Starting with the line with "cold shoulder pleated" in the entries below and going on through the line with "Oranges Kurzarm-T-Shirt mit", output every line exactly and nothing more. No pictures.
[[ EXCERPTED DATA, beginning ]]
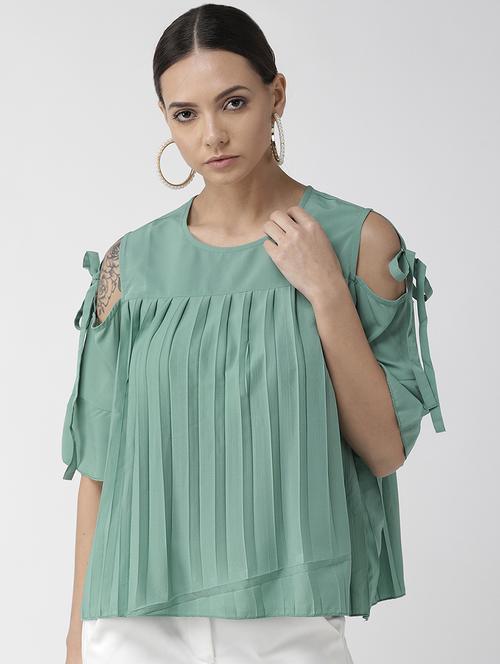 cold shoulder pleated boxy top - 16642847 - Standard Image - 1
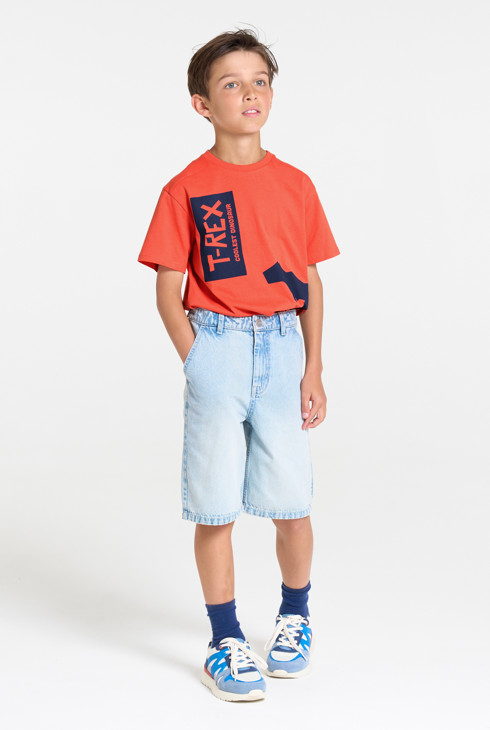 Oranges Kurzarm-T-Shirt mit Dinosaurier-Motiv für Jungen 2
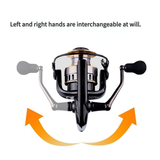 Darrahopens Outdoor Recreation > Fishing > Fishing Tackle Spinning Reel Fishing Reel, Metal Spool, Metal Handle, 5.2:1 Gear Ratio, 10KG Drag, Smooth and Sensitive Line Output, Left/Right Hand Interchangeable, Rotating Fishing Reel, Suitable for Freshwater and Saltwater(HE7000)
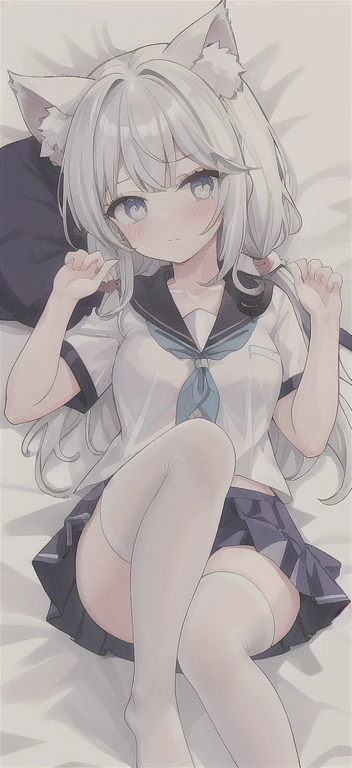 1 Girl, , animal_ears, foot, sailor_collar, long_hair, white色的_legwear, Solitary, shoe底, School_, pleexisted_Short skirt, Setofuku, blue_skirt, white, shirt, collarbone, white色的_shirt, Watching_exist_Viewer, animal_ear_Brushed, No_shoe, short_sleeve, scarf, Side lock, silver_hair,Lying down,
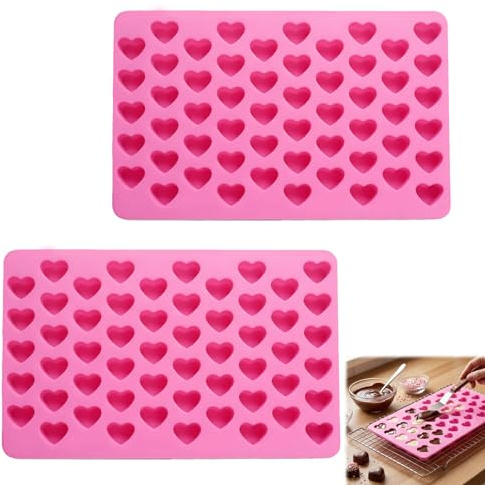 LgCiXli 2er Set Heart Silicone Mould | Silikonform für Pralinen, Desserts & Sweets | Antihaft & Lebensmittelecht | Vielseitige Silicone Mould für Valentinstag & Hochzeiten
[[ EXCERPTED DATA, end ]]
[[ EXCERPTED DATA, beginning ]]
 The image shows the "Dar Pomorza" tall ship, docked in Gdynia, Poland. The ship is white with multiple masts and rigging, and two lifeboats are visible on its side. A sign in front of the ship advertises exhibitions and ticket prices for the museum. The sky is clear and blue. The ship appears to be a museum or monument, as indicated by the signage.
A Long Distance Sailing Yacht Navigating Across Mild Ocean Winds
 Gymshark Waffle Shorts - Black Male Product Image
[[ EXCERPTED DATA, end ]]
■ RESULT FOR THIS EXERCISE:
 cold shoulder pleated boxy top - 16642847 - Standard Image - 1
 Oranges Kurzarm-T-Shirt mit Dinosaurier-Motiv für Jungen 2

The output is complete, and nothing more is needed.